Following his release, together they set up a pioneering inter-prison football tournament that ran for five years. “Of course, for something like that, you need the police and government on your side. There was always a pretty heavy security presence, but we never had any trouble.”
In addition to the praise that he has received for his work with the players who qualified for the World Cup, Stempel has also received recognition for his community work from the most unlikely of sources. Last year, he took a call from the British Ambassador to Panama, who informed him that he had been chosen for an MBE.
Although he initially thought that it was a joke – “I told him to piss off!” – the ambassador eventually managed to convince Stempel that he was serious, explaining that he himself had put the Londoner’s name forward after learning more about his services to youth and sport in Panama.
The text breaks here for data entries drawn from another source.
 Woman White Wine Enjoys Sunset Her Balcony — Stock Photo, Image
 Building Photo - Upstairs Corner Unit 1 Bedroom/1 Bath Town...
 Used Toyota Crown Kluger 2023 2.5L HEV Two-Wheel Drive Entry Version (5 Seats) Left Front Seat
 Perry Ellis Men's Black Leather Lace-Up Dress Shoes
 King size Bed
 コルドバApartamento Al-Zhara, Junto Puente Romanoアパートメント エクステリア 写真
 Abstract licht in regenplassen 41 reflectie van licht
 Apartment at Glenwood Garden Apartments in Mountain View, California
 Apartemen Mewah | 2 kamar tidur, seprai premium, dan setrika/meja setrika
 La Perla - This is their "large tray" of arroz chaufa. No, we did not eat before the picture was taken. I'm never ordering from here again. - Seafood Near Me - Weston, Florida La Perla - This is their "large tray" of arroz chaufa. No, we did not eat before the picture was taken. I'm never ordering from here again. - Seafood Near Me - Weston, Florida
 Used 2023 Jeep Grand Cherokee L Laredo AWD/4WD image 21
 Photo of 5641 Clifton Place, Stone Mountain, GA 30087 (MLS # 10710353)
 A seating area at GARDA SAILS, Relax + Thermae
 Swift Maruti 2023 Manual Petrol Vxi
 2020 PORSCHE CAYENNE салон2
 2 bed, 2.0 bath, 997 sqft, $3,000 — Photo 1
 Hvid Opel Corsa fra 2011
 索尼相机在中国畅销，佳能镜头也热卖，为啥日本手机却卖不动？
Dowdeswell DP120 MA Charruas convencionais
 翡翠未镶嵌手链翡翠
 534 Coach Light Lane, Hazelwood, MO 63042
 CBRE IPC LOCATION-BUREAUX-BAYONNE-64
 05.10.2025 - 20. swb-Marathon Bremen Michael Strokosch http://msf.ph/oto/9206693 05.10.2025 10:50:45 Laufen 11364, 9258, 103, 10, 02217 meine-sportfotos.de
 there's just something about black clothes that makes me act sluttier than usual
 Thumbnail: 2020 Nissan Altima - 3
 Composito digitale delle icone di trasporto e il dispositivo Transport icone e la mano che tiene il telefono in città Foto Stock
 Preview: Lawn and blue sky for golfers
And so Stempel travelled back to London in October 2019 and received his MBE in person from the Queen at Buckingham Palace.
Although still visibly delighted with the honour, if not a little bemused, Stempel insists that it has not changed his outlook. “You don’t do it for the awards. You do it because you feel that through football, you can change people’s lives, you can change people’s quality of life. And even more so in a third world country.”
Domestic titles, international silverware, under-20 World Cup qualification, and now an MBE. Not bad, I suggest, for a south London community outreach officer who set sail to Central America with nothing but an idea to his name.
“Yeah, but out of everything – the MBE, the silver medal, taking Panama to its first World Cup in 2003, winning the championships, winning the Nations Cup – all that is very nice. But if you ask me what’s the greatest achievement, I would always answer seeing Roman Torres play in the World Cup, seeing Gabriel Gomez. These are kids that I was fortunate enough to work with when they were 16 or 17 years old. Seeing them fulfil their dreams. No MBE could get even close to the satisfaction you get from that.”